A marathon runner burns 2,600 calories over the 26.2 mile course – around 100 calories per mile.
Cyclists would need to pedal 109 miles to work off that Christmas excess – burning 48 calories a mile in the saddle.
And swimmers would have to spend almost 13 hours in the pool, typically burning 413 calories an hour doing a slow front crawl.
Gym-goers would need to work out for almost nine hours as they burn 590 calories an hour doing weights and treadmill running.
The average person puts on 4lb between Christmas Eve and New Year’s Day after consuming twice their recommended calorie intake.
It takes until Easter for many dieters to repair the damage.
Around a third of 1,000 people quizzed said it would take four months to get back into the same shape they were before Christmas.
Health and wellbeing firm Forza Supplements looked how much people typically eat on the big day – and how long it would take to burn off all that excess.

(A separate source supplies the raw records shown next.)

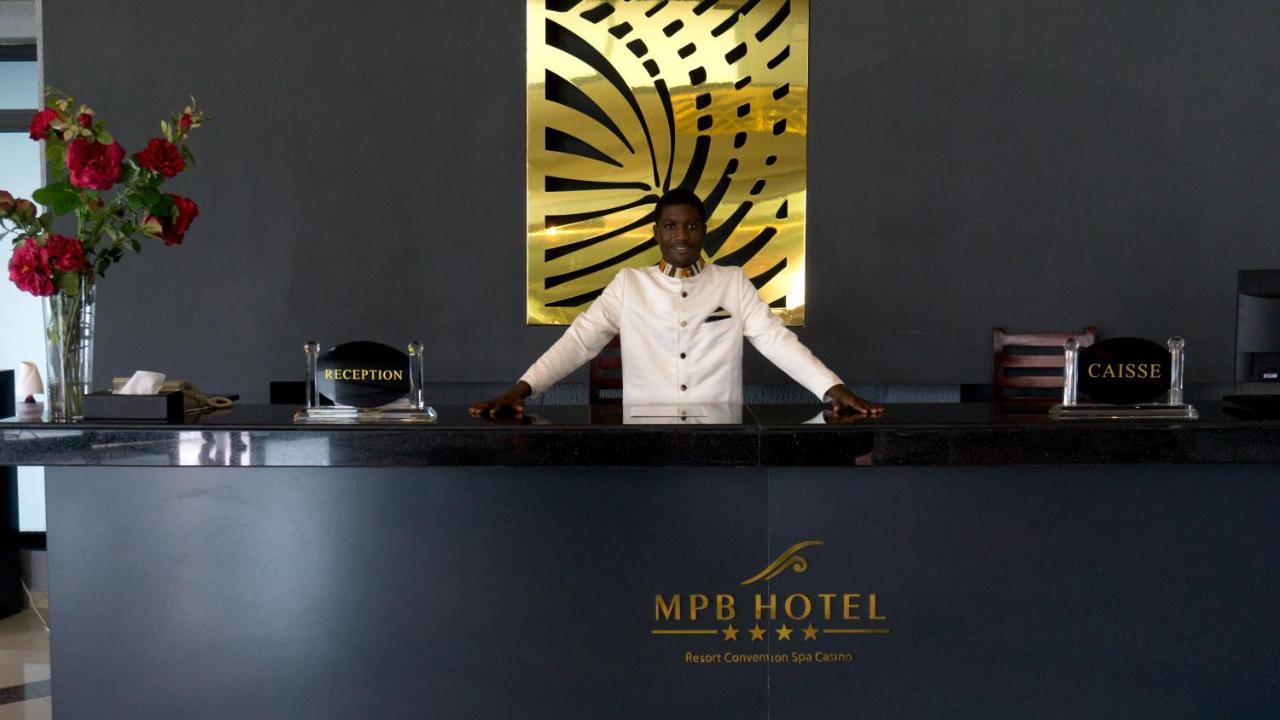 Millenium Popo Beach Hotel Grand-Popo Eksteriør bilde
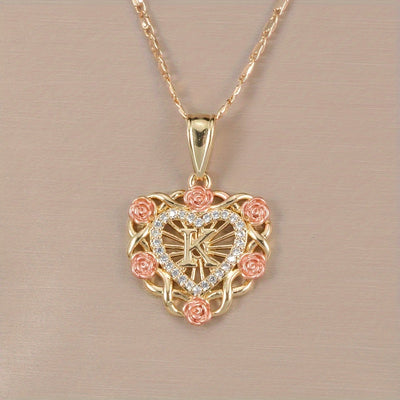 Elegant & Cute 14K Gold Plated Religious Rosary Jewelry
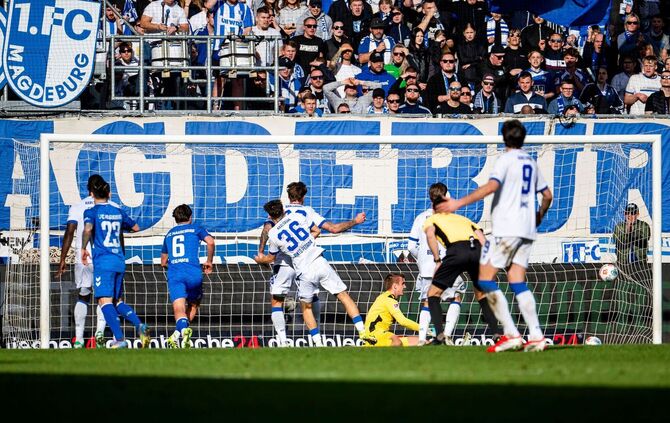 1. FC Magdeburg - Karlsruher SC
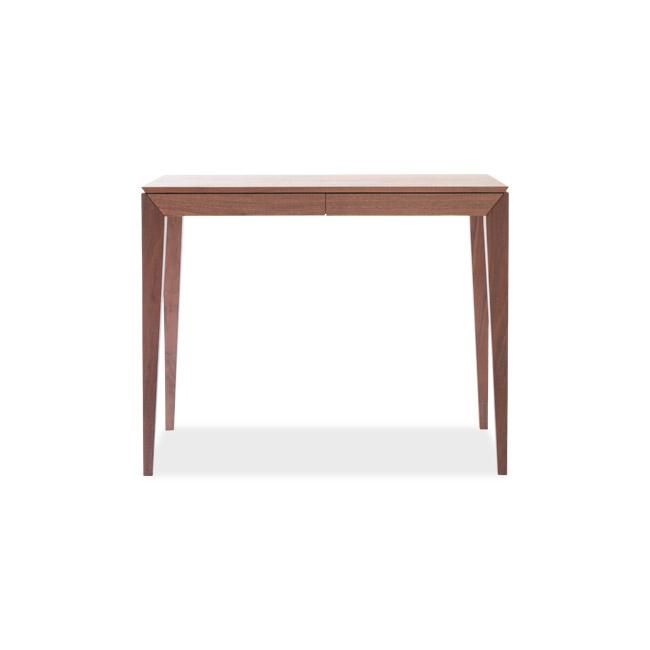 旭川家具 山室家具製作所 リネアNo.504デスク ウォールナット 【 国産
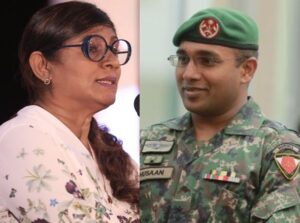 ސިފައިންގެ އިތުބާރައްޓަކައިވެސް މިނިސްޓަރ މާރިޔާ އިސްތިއުފާ ދެއްވަންޖެހޭ: އިހުސާން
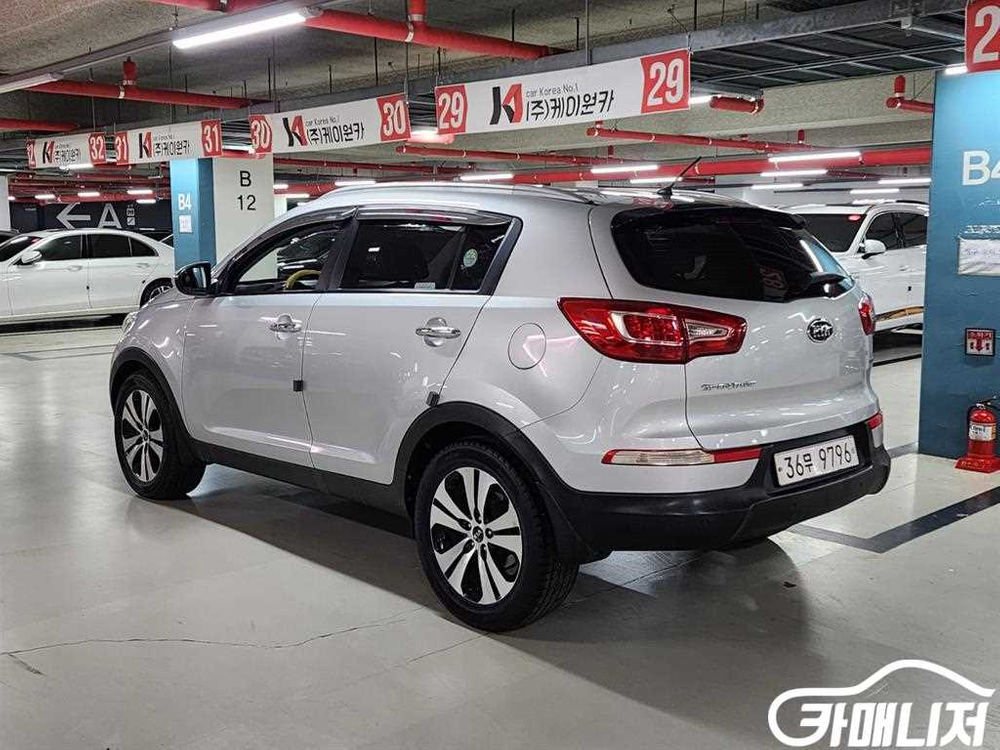 [기아]스포티지 R 4WD TLX 최고급형 (5인승) #2026년특가--5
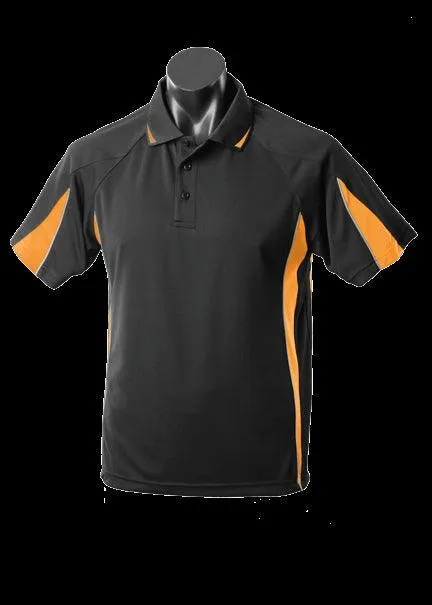 Kids Eureka Polo Black/Gold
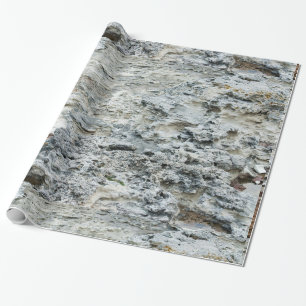 Papel De Regalo Patrón de roca marina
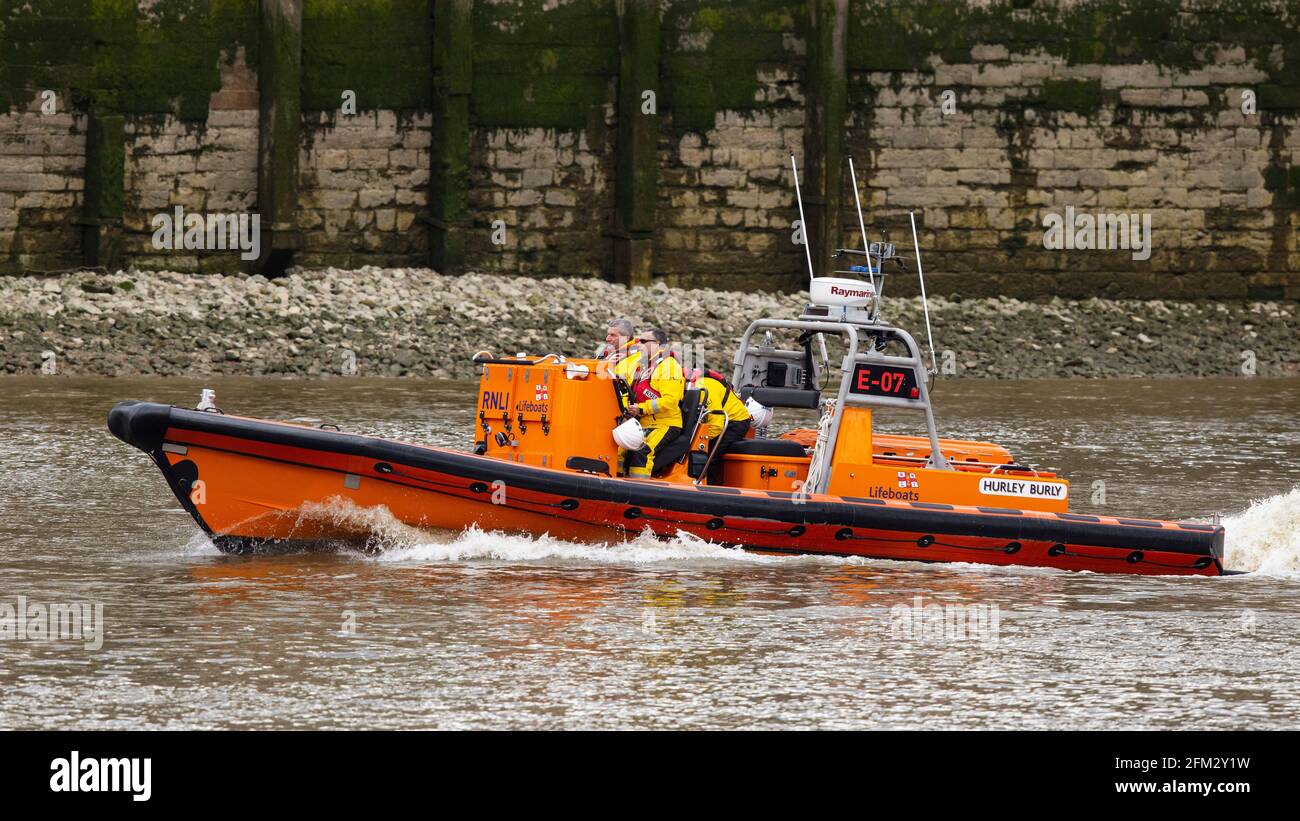 E Class Lifeboats - The RNLI Lifeboat Fleet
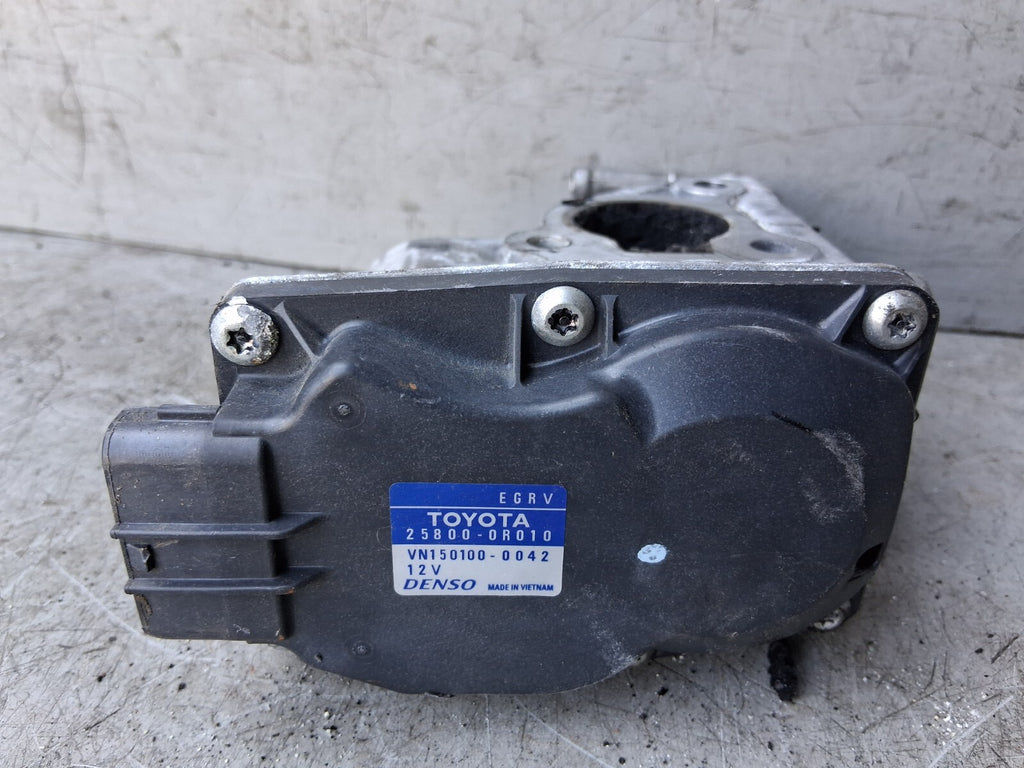TOYOTA VERSO 2013 2.0 DIESEL EGR VALVE 258000R010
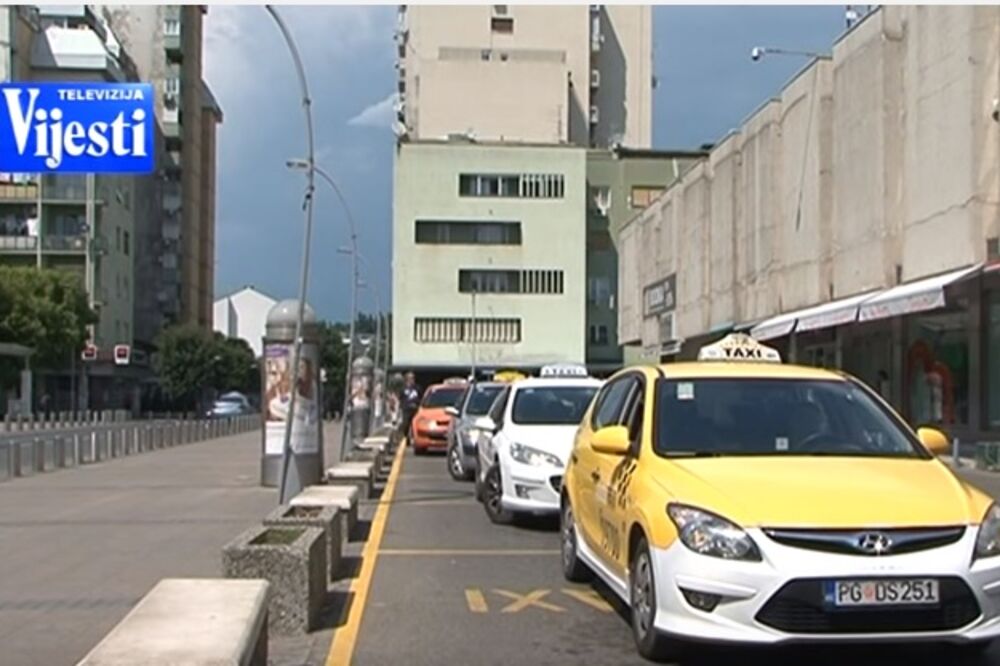 Taksi, Foto: Screenshot (TV Vijesti)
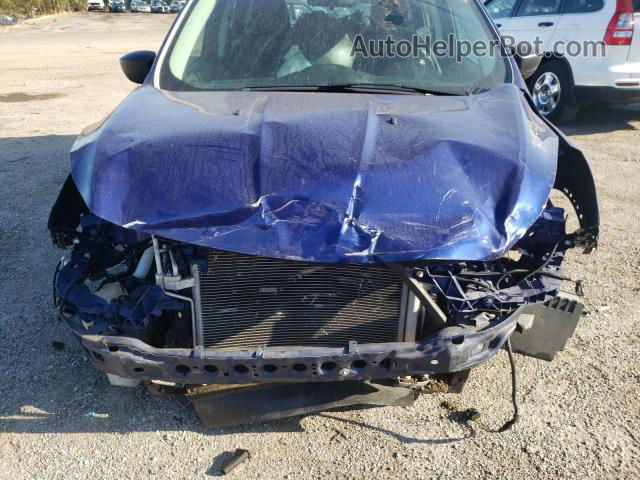 2016 Ford Escape S Синий vin: 1FMCU0F72GUB04266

Forza then asked a team of fitness experts to calculate a range of exercises which burn the equivalent calories of a Christmas dinner blowout.
Forza managing director Lee Smith said: “The problem most dieters have is they tend to ‘write off’ Christmas and go right over the top – not just on Christmas dinner but all the endless nibbles which are brought out between meals.
“We all want to have fun at Christmas, but the best way to maintain a bit of discipline is to look at the hours or exercise you will have to carry out to burn off the calories.
“When dieters realise you have to run a half marathon to work off the calories consumed having Christmas pudding and cheese, they might just think it is worth calling it a day after the turkey.”